(Crawled caption data)
____

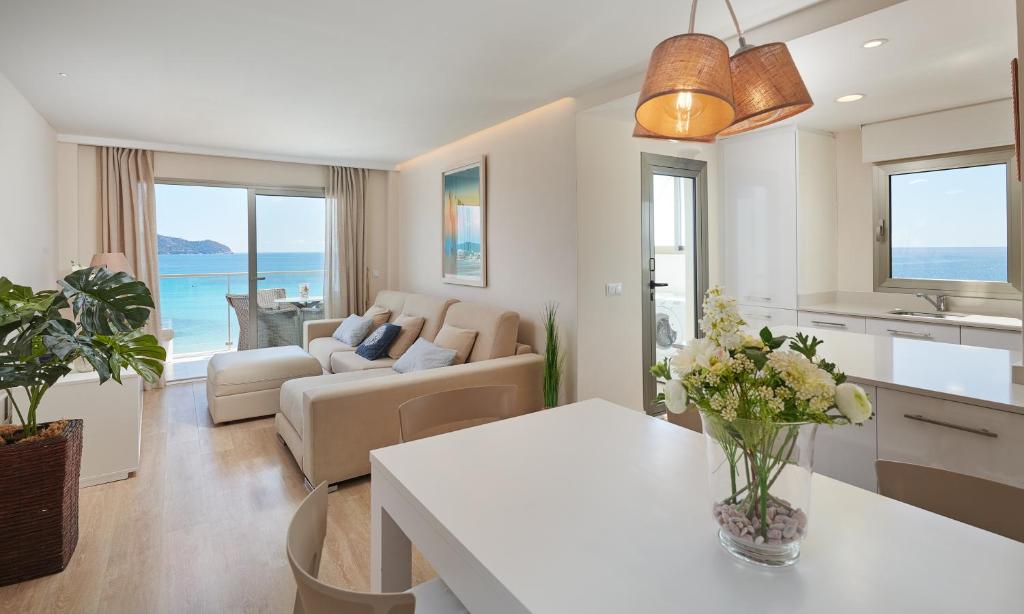 a living room with a couch and a table at SA MANIGA 6-H in Cala Millor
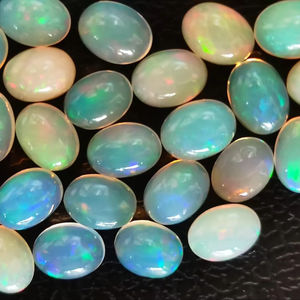 Cabochon d'opales blanches coupe ovale 6x8mm opale éthiopienne pierres précieuses en vrac pour bijoux dos plat multi feu Welo opales lot en gros - Product Image 1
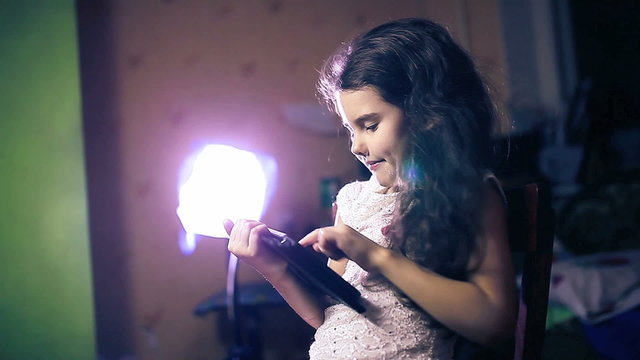 teen girl playing  in room  in evening tablet brunette six years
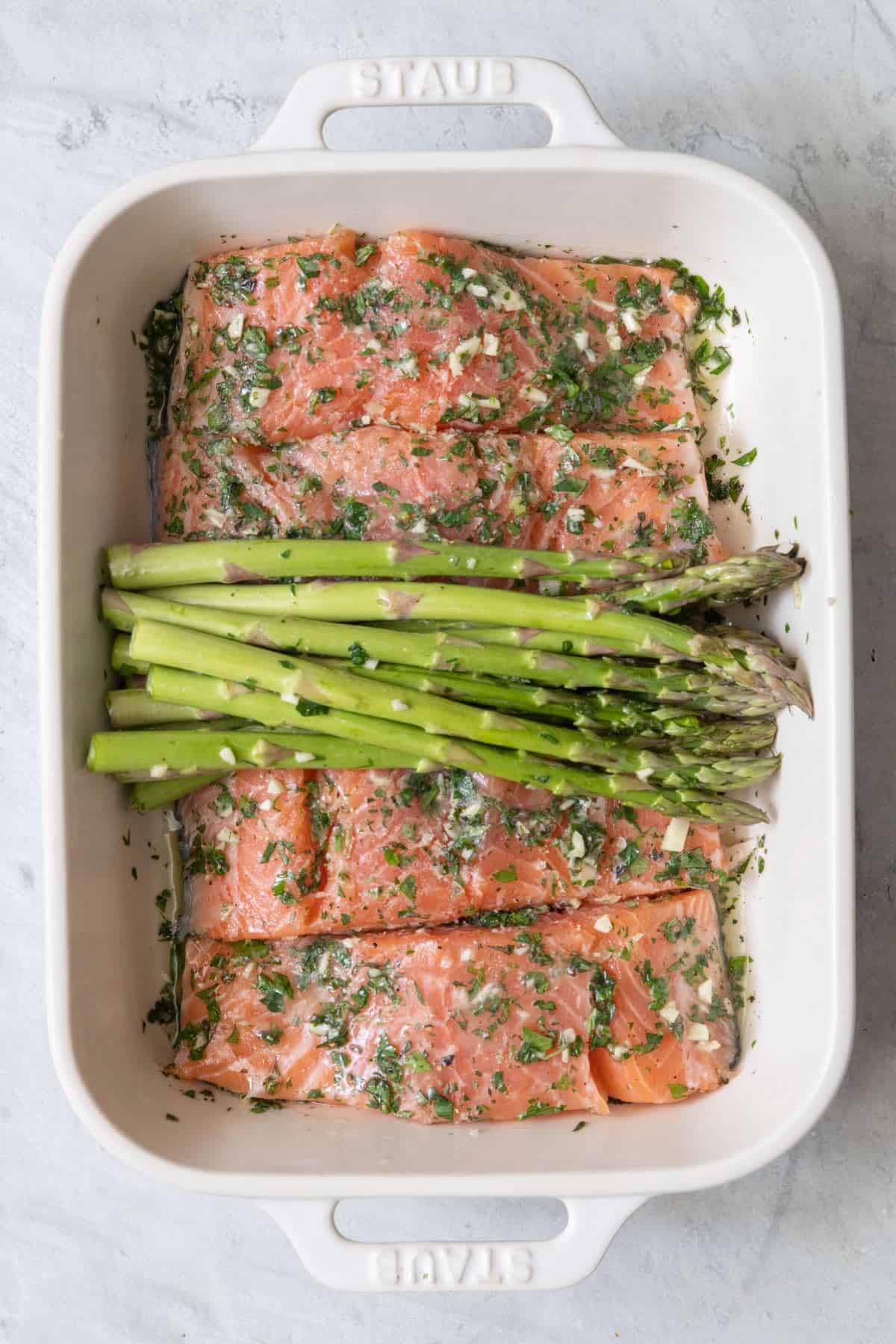 Salmon and asparagus added to the baking dish.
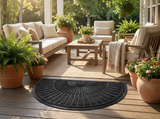 Outdoor rug on a covered patio with lounge furniture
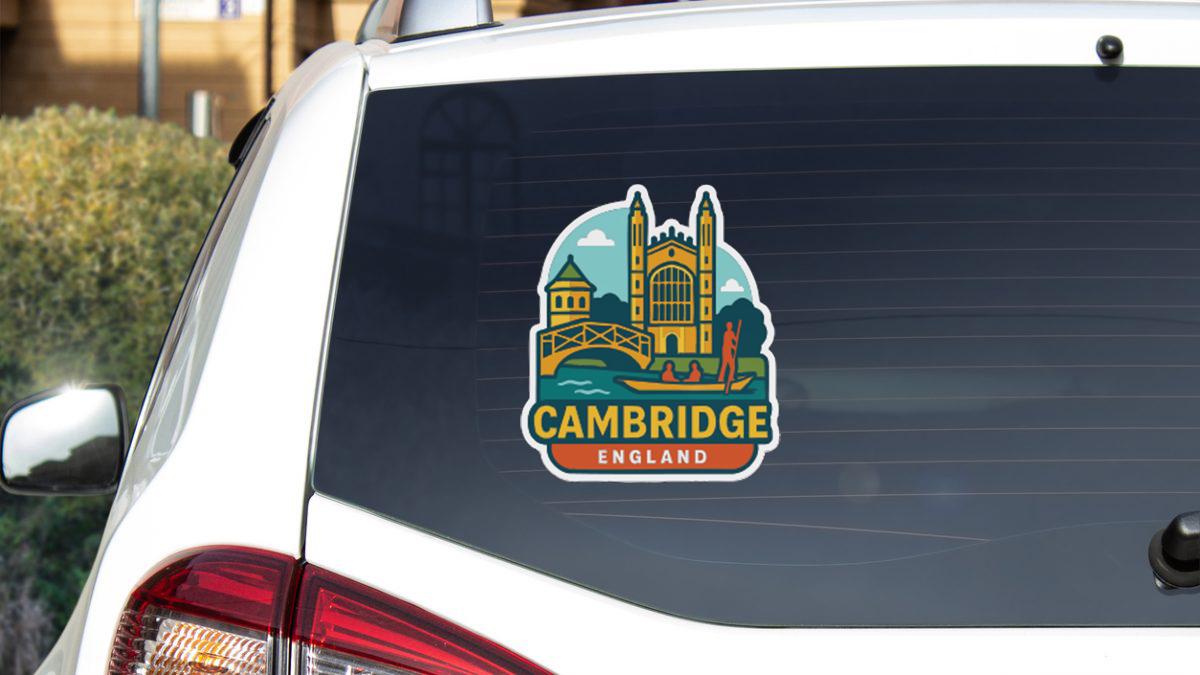 A sticker on the rear window of a car that features a colorful illustration of a landmark, along with the text "CAMBRIDGE ENGLAND".
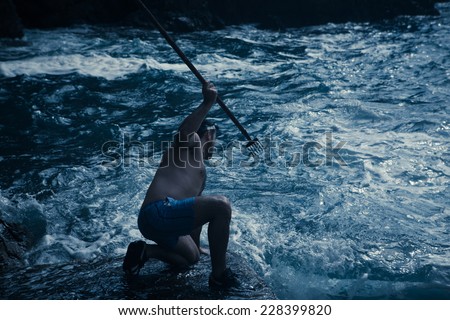 Young handsome man hunting fish the old way. Fishing with spearheads, with snorkel and flippers on. Survival training, extreme sports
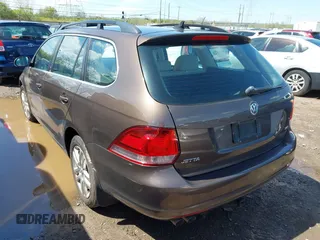 2011 Volkswagen Jetta SportWagen TDI with VIN 3VWPL7AJ2BM672287, listed as a IAAI auction lot 42013933 with 153,378 mi miles. Bid and sale history available at carsss.com. Image 3.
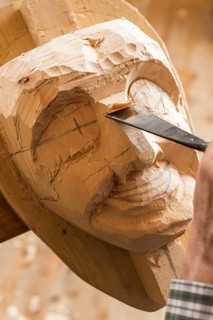 Carving the face of a wooden mask into wooden block using wood carving tools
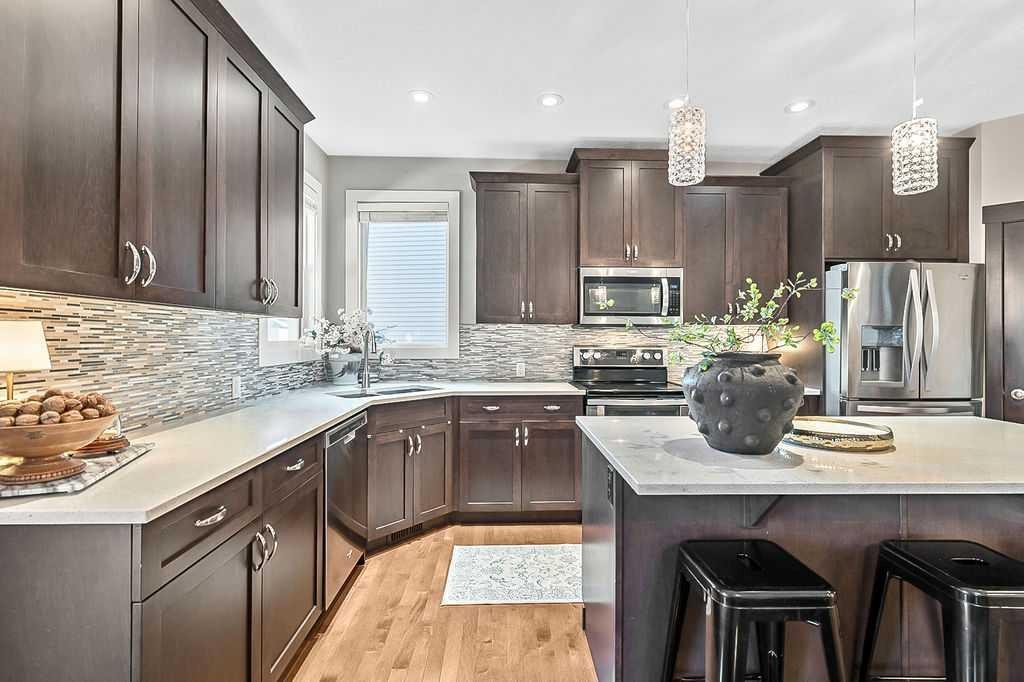 112 Kinniburgh Close, Chestermere, AB - Indoor Photo Showing Kitchen With Upgraded Kitchen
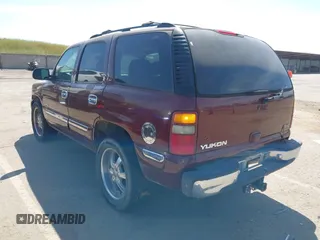 2001 GMC Yukon SLT with VIN 1GKEK13V81J100005, listed as a IAAI auction lot 42090494 with 276,042 mi miles. Bid and sale history available at carsss.com. Image 3.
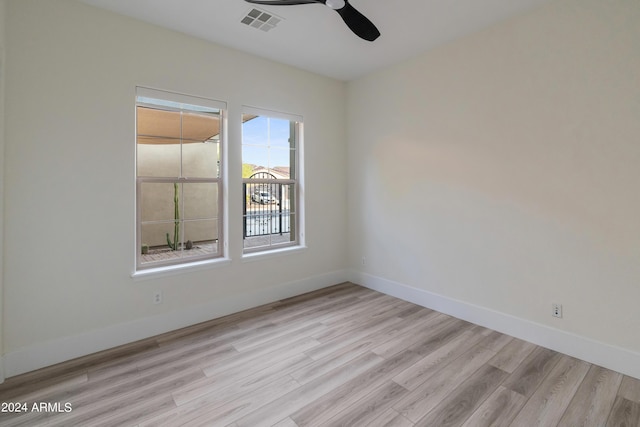 empty room with ceiling fan and light hardwood / wood-style flooring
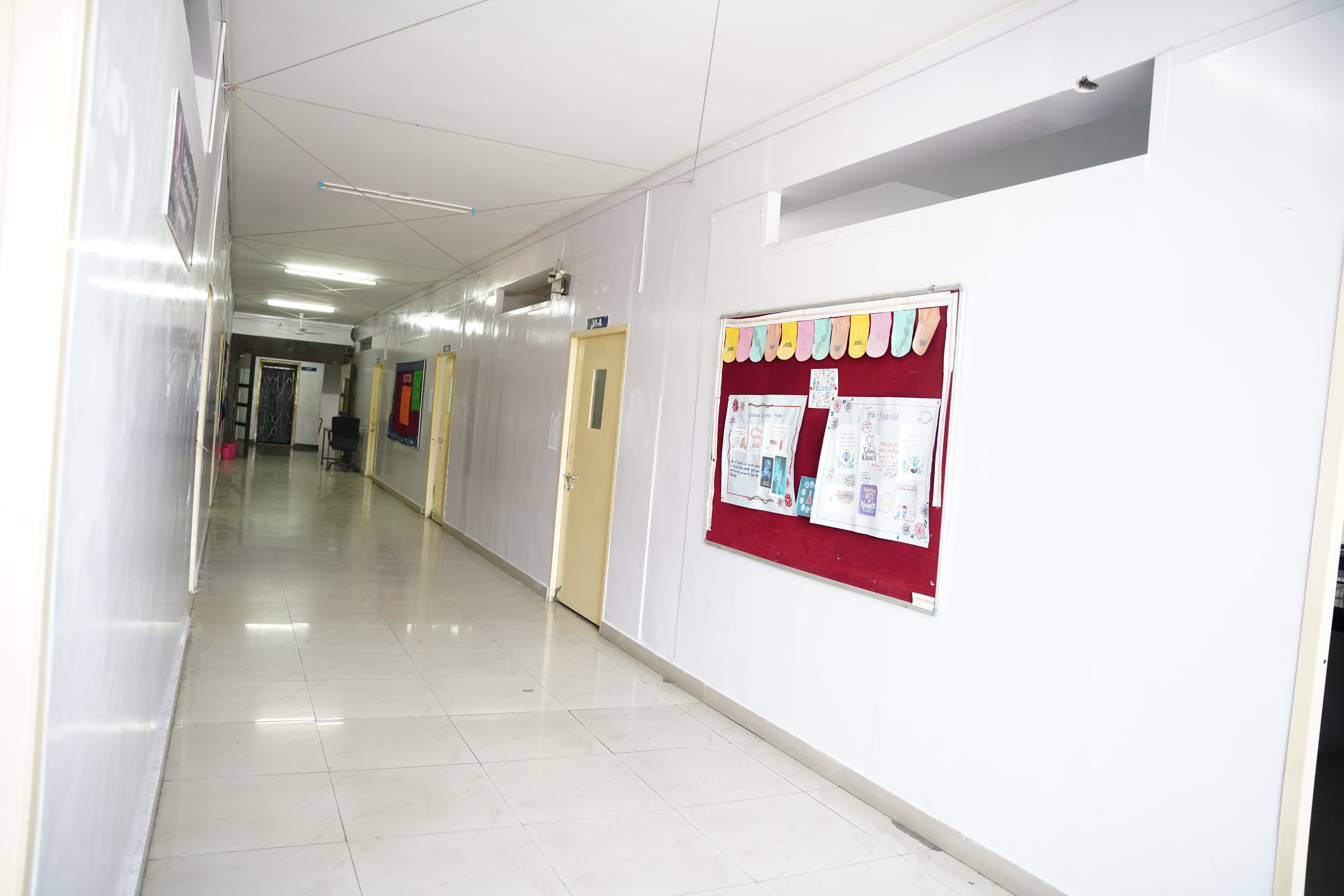 Corridor with CCTV and bulletin board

____

What the task asks |
Quote only the lines that start at the line holding "Outdoor rug on" and end at the last line of the entries, including both of those lines, and omit every picture.

Written solution |
 Outdoor rug on a covered patio with lounge furniture
 A sticker on the rear window of a car that features a colorful illustration of a landmark, along with the text "CAMBRIDGE ENGLAND".
 Young handsome man hunting fish the old way. Fishing with spearheads, with snorkel and flippers on. Survival training, extreme sports
 2011 Volkswagen Jetta SportWagen TDI with VIN 3VWPL7AJ2BM672287, listed as a IAAI auction lot 42013933 with 153,378 mi miles. Bid and sale history available at carsss.com. Image 3.
 Carving the face of a wooden mask into wooden block using wood carving tools
 112 Kinniburgh Close, Chestermere, AB - Indoor Photo Showing Kitchen With Upgraded Kitchen
 2001 GMC Yukon SLT with VIN 1GKEK13V81J100005, listed as a IAAI auction lot 42090494 with 276,042 mi miles. Bid and sale history available at carsss.com. Image 3.
 empty room with ceiling fan and light hardwood / wood-style flooring
 Corridor with CCTV and bulletin board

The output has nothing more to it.